Before we get to the tutorial, I’ll give you a brief history of how I got into design in the first place.  When I was at college, i did an Art Foundation, which is basically where you study most of the disciplines of design. (sculpture, fine art, graphics.)

It was through the Art Foundation where I realised that I had a love for detailed drawing. From a very young age I would copy comic book drawings and any cool graffiti or tattoo artwork I could find; I have always liked telling stories through artwork and for me creating logos and brands is the perfect vessel.

I love what I do and the industry itself is full of so many epic and talented people. I think that the logo design industry is very unique in that perspective. People are always willing to share and collaborate with others, which is super cool…

Now onto the job at hand. Today, I’ll be presenting to you a logo that I created for a catering company that goes by the name of Clifford Browns. They opened their first brasserie about a year ago.

Meeting the client

My process always starts with a client meeting. Having worked with Clifford Browns before on their brasserie branding I already had a good idea of where I needed to take this logo direction, but still, I think it’s always worth meeting up with clients so that you can not only get a feel for their personality and vibe, but also get more info about what they are after.

After I meet the client, I will ping them an email or give them a call where I will ask them to scope the internet or look through a few books to find some examples of what it is they like and why they like it.

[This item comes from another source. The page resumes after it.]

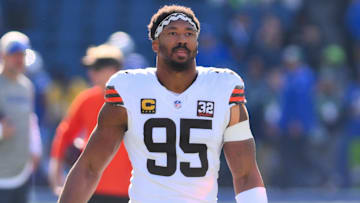 Oct 29, 2023; Seattle, Washington, USA; Cleveland Browns defensive end Myles Garrett (95) during warmups prior to the game against the Seattle Seahawks at Lumen Field. Mandatory Credit: Steven Bisig-Imagn Images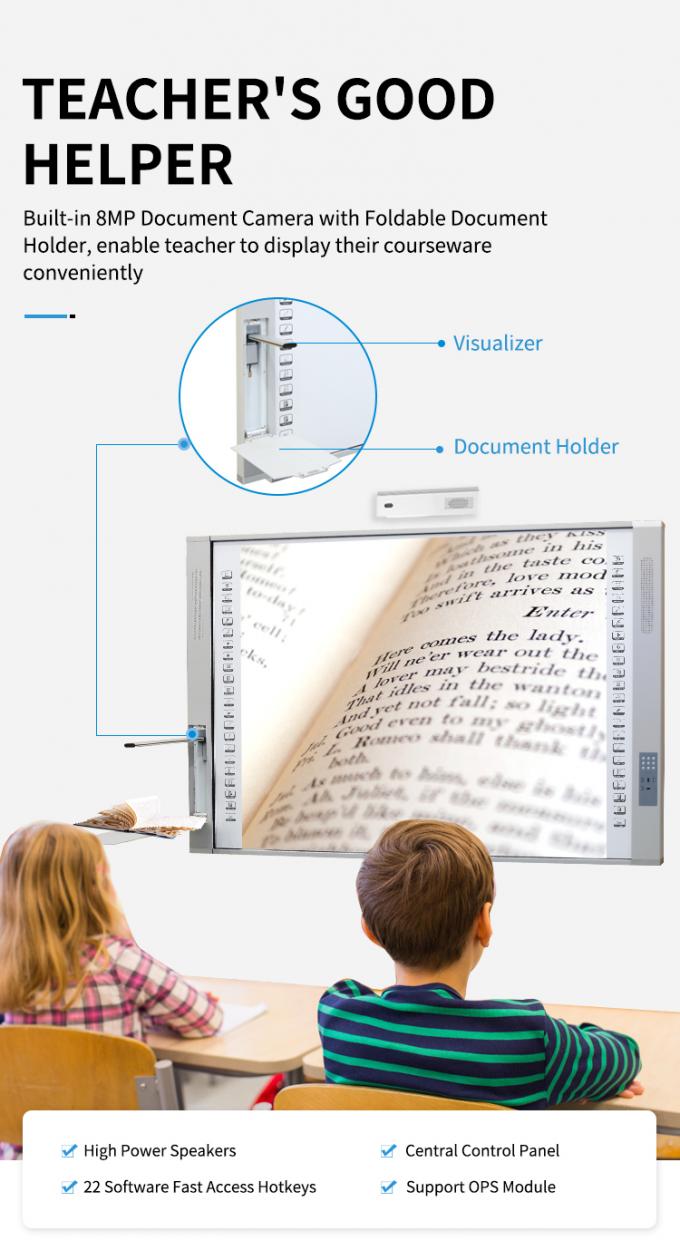 96 Zoll tragbares interaktives Whiteboard Smart Whiteboard mit Laserprojektor 6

When this stage is done, I generally have a really good foundation to start sketching. I will now have an idea of the things they like, and what they don’t like. I will also have an idea of who they are as a business and their personality, which is always important when it comes to designing logos.

Image of the CB monogram in sketch form

Sketching on paper

After the meeting, I always start in my little notebook, which goes with me everywhere, doodling little sketches and concepts to get my brain ticking over.

A lot of designers will sketch up a few different directions, then present them to the client for approval on their favourite. I do it a bit differently…

I feel that through the client meeting and initial stages, I can gather a good knowledge of where to take it so I tend to go with the one direction and show it in it’s finished state… for me, seeing a bunch of sketches with no context doesn’t really bring the brand to life.

Context is important.

From there, I work with my client to develop the concept. I have a flat rate for logo creation so there is no extra payment for development and I don’t stop until I nail it.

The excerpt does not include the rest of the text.